Les actes de violence et d'intimidation perpétrés actuellement montrent bien que les factions opposées à la démocratie en Irak feront tout ce qui est en leur pouvoir pour saboter le scrutin du 30 janvier. L'un des leaders de la prétendue insurrection a déjà bien fait savoir que ce que lui-même et ses acolytes trouvent à redire à cette élection n'est pas tant les circonstances dans lesquelles elles se dérouleraient que le principe même de la démocratie.
Il faut bien voir la volonté qui anime ces adversaires de la démocratie de saper l'élection et l'ensemble du processus démocratique en cours dans les semaines à venir. L'intimidation est sans appel : "Si vous votez, vous vous ferez tuer." Il faut cependant bien voir aussi le désir qui anime la vaste majorité des Irakiens … de voter et de prendre en main leur destin. Leur détermination à participer au processus électoral et à l'organisation du scrutin, en dépit des menaces, est admirable.
Plus de 8 000 candidats sont en lice, soit plus de deux fois le nombre de candidats ayant brigué un siège à la dernière élection générale au Royaume-Uni ; 11 000 autres candidats se présentent aux élections locales, ainsi qu'aux élections régionales de la province kurde. Un tiers sont des femmes. 5 300 bureaux de vote ont été mis en place, et les campagnes d'information destinées aux électeurs touchent à leur fin. Près de 200 000 Irakiens participeront à l'organisation du scrutin sous la supervision des Nations unies. Le rôle de la coalition se bornera à assurer la sécurité là où il y aura lieu.
Dans la majeure partie du pays, on s'attend à un taux de participation honorable et à des conditions de vote plutôt régulières. Le calme règne dans 14 des 18 provinces du pays. Les choses seront donc effectivement plus difficiles dans certaines régions. Le problème majeur est de savoir dans quelle mesure toutes les communautés irakiennes y participeront. La décision de certaines factions sunnites de se désister n'arrange pas la situation.
Il reste cependant sur les listes de nombreux candidats sunnites prêts à braver la menace, à commencer par le président Ghazi Al-Yaouar, dont on connaît le succès de la visite à Paris ce mois-ci. Les sondages montrent en outre que de nombreux sunnites voudraient prendre part au vote malgré les menaces et les mesures d'intimidation épouvantables dont ils font l'objet.
En tout état de cause, le gouvernement qui sortira des urnes devra prendre en compte les vues et les aspirations de tous les Irakiens, notamment quand il s'agira d'élaborer et d'adopter la Constitution définitive de l'Irak.
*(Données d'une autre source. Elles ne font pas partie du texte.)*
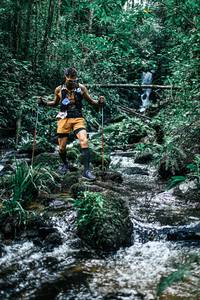 BIB: 
                            <button type="button" onclick="openModal(25339890)" class="btn btn-primary btn-sm float-right btn-popup" data-toggle="modal" data-target=".modal-high-quality">
                        <i class="fas fa-shopping-cart"></i> Add to Cart
                    </button>
                                            <button type="button" onclick="isThisMe(25339890, true)" class="btn btn-success btn-sm float-right btn-popup btn-isme hidden" data-toggle="tooltip" data-placement="bottom" title="นี่คือรูปของคุณใช่ไหม คลิกที่นี่เพื่อเอาเข้าอัลบั้ม">
                        <i class="fas fa-plus"></i> Add to album
                    </button>
                    <button type="button" onclick="isThisMe(25339890, false)" class="btn btn-warning btn-sm float-right btn-popup btn-isnotme hidden">
                        <i class="fas fa-ban"></i> Remove from album
                    </button>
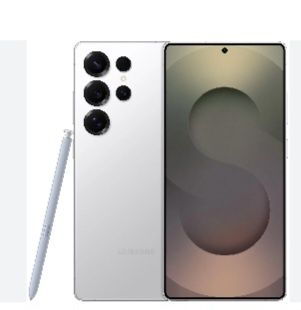 Vand/schimb cu samsung s25ultra cu s26 ultra +diferenta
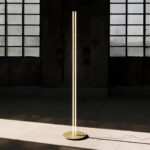 Coordinates Floor Lamp - Image 12
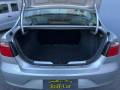 VW - VolksWagen Voyage 1.6 Trendline - 2017 - Foto 10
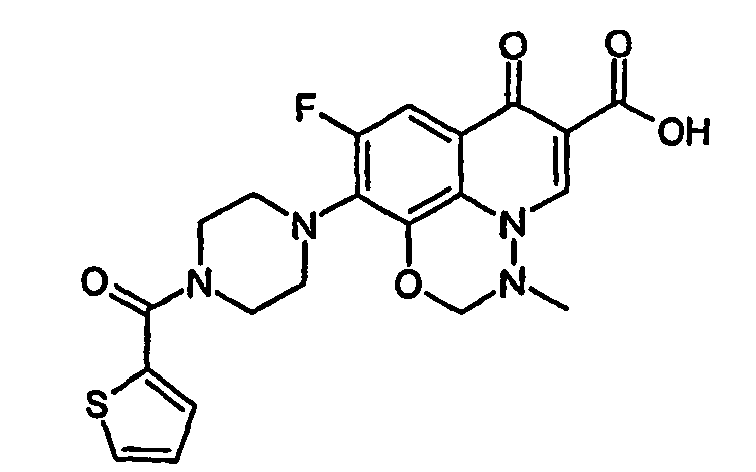 Figure imgb0029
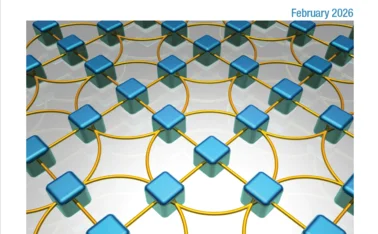 WatersTech Article - LSEG Managed Services - Feb 2026 (cover)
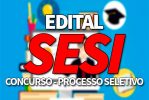 Edital SESI 2022: Concurso, Edital SESI SENAI de Inovação 2022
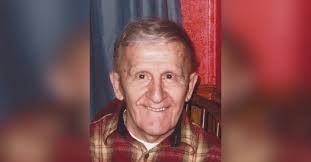 Michael Dececco's Instagram, Twitter & Facebook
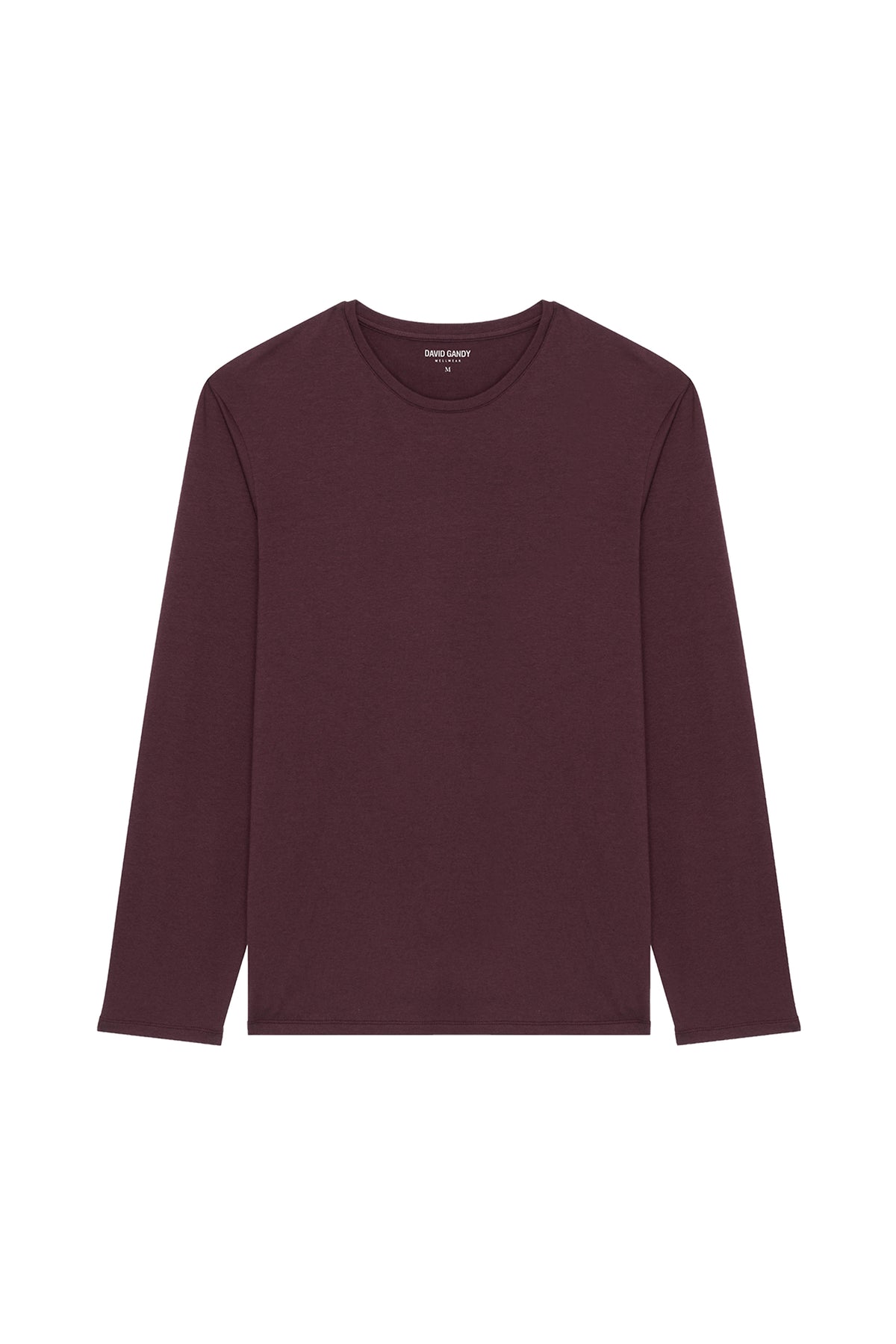 Premium Pyjama Tee
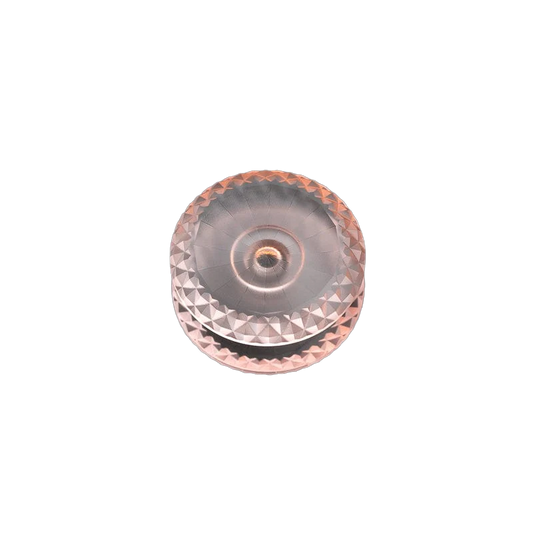 Babotoys Star spinner buttons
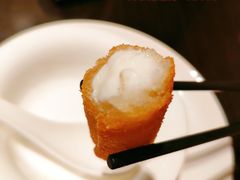 -黄但记老店·陈村粉食府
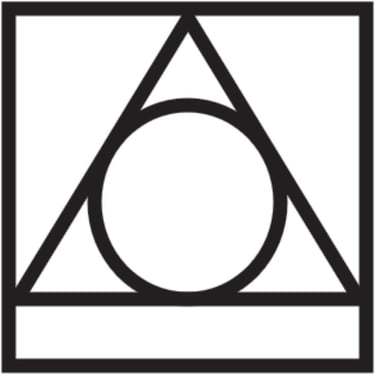 Christopher Matson - Author logo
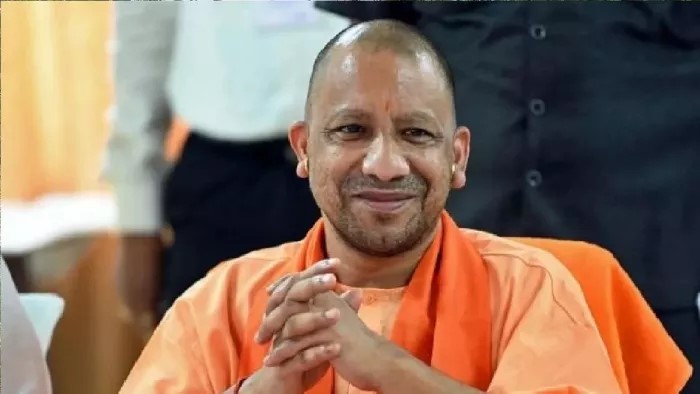 गोरखपुर को CM Yogi Adityanath बड़ा तोहफा देने वाले हैं; 6 अप्रैल को 4 हजार से अधिक लोगों को नौकरी मिलेगी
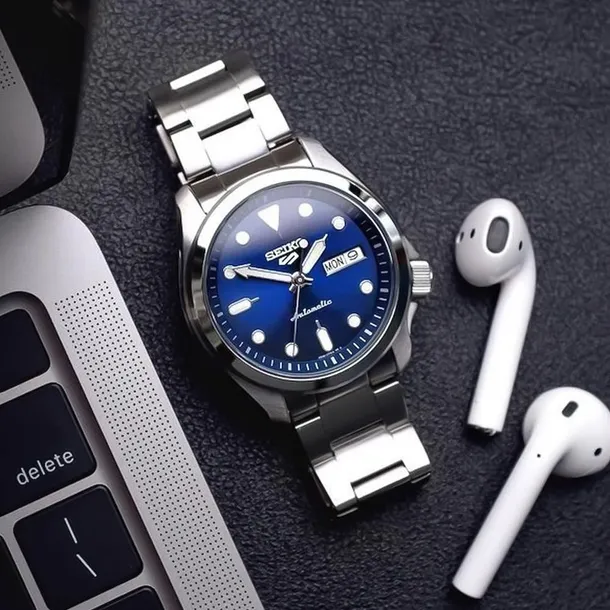 ty530720-marka-seiko-kod-producenta-ty530720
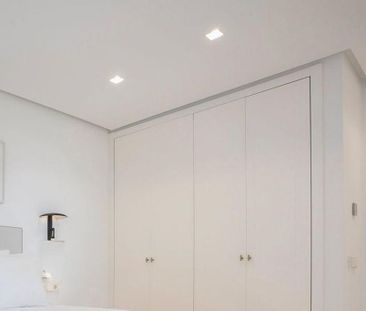 2 bedroom luxury Apartment for rent in San Pedro de Alcántara, Anda... - Photo 6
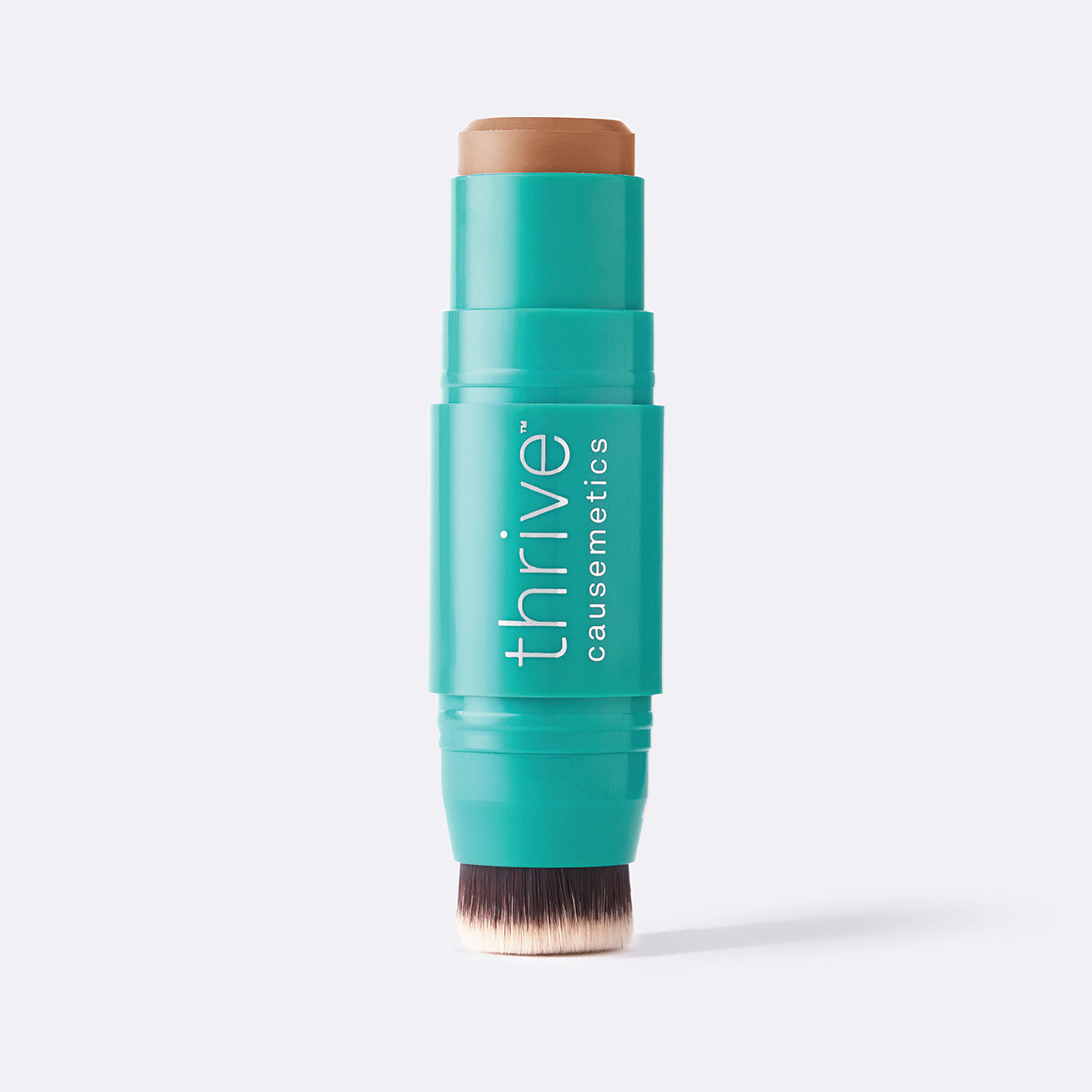 Vegan Waterproof Multi-Use Color Stick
Le processus politique engagé et la tenue d'élections libres sont le meilleur garde-fou contre les divisions sectaires ou ethniques qui risqueraient de mettre en péril la souveraineté et l'intégrité du territoire, auxquelles nous sommes tous attachés.
Je passe beaucoup de temps à expliquer en France la position de la Grande-Bretagne sur l'Irak, et mes interlocuteurs ne sont pas avares de conseils quant à la manière dont il faudrait procéder. Nous tombons tous d'accord, en revanche, sur le fait que c'est aux Irakiens de prendre leur pays en main. Les élections du 30 janvier sont une étape dans ce sens. Le gouvernement irakien, avec le soutien de l'ensemble de la communauté internationale, a engagé un processus politique qui conduira dans les mois à venir non seulement à l'élaboration de la nouvelle Constitution, mais aussi à la tenue de nouvelles élections d'ici à la fin de l'année. Nous avons tous un rôle à jouer pour aider les Irakiens sur cette voie, qu'il s'agisse de sécuriser leur environnement, de faire monter en puissance le rôle des Nations unies, d'entraîner leurs forces de police et leurs forces armées, ou de leur offrir notre soutien financier et technique. Nous avons tous gros à y gagner.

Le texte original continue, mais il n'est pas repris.